══ DATA TO EXAMINE
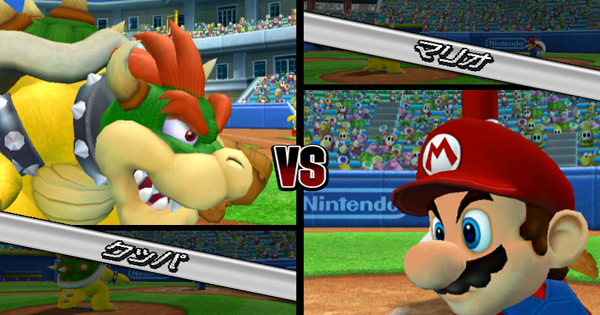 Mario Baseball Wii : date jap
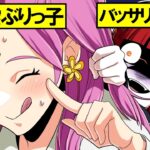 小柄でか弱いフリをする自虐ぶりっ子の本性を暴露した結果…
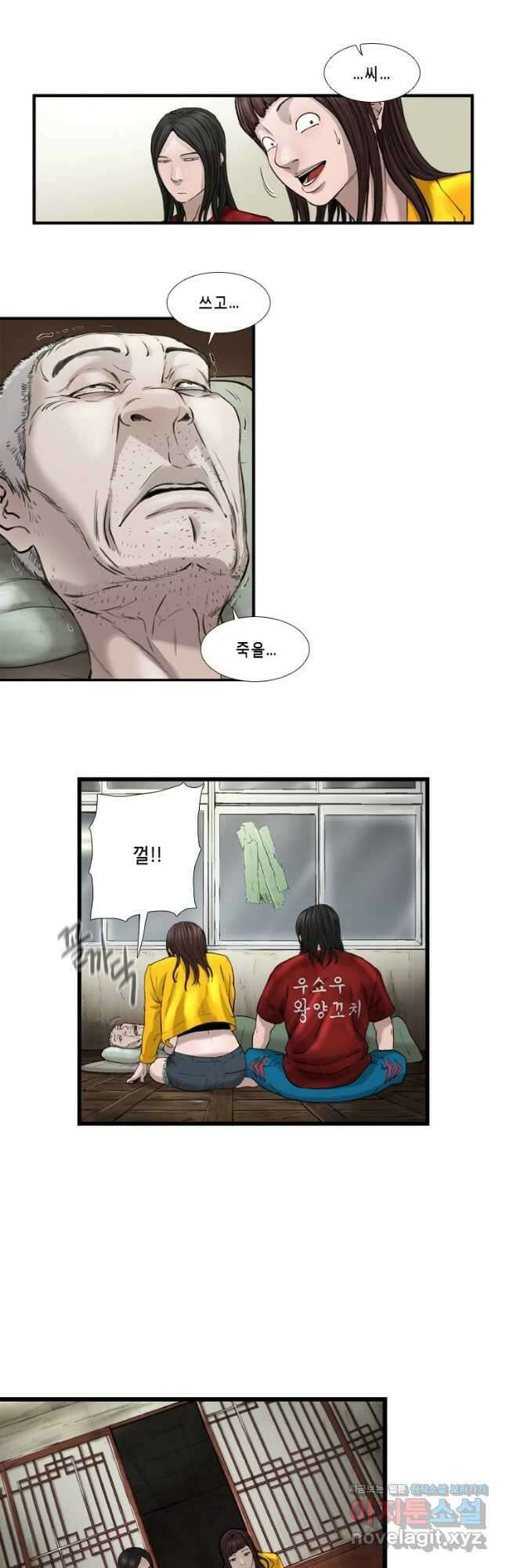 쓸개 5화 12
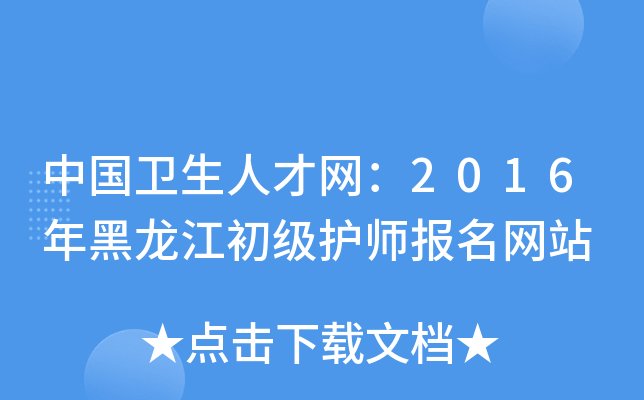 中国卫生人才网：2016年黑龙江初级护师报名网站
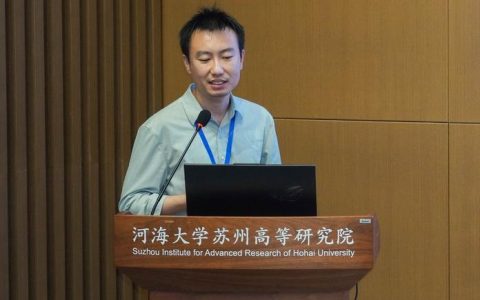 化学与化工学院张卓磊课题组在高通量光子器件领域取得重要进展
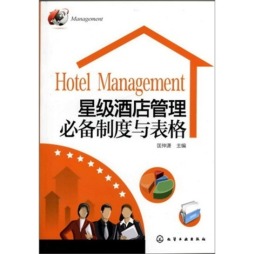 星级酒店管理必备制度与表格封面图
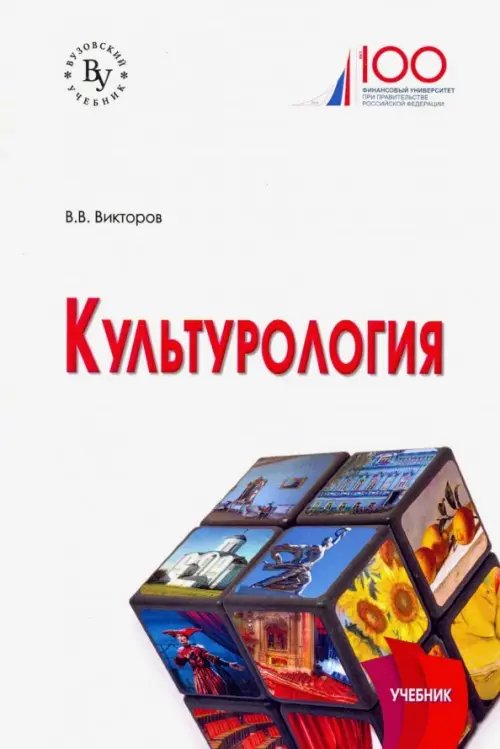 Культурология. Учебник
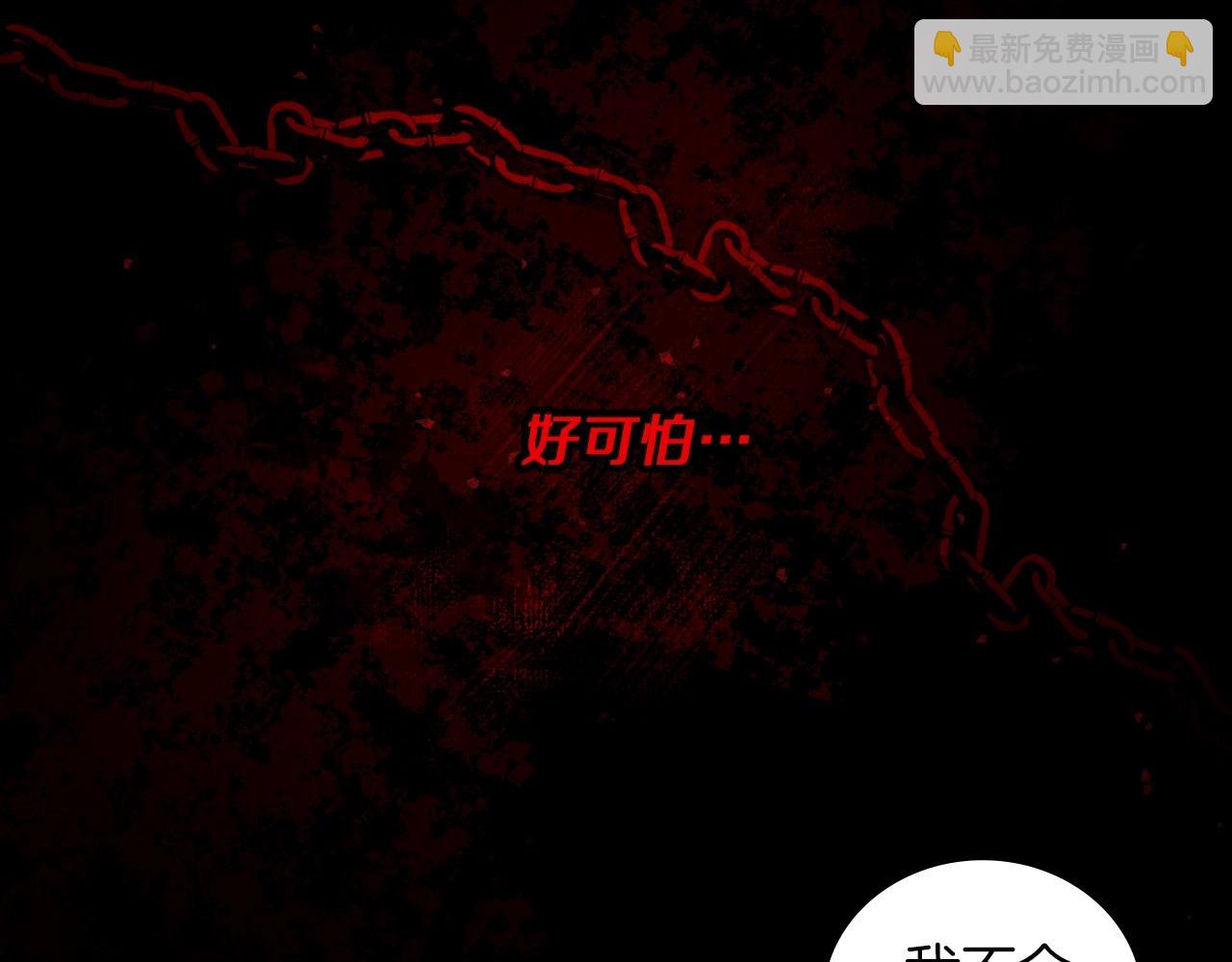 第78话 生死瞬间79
════
WHAT YOU NEED TO DO => Copy out every line of the data exactly, leaving the images behind.

REPLY =>
 Mario Baseball Wii : date jap
 小柄でか弱いフリをする自虐ぶりっ子の本性を暴露した結果…
 쓸개 5화 12
 中国卫生人才网：2016年黑龙江初级护师报名网站
 化学与化工学院张卓磊课题组在高通量光子器件领域取得重要进展
 星级酒店管理必备制度与表格封面图
 Культурология. Учебник
 第78话 生死瞬间79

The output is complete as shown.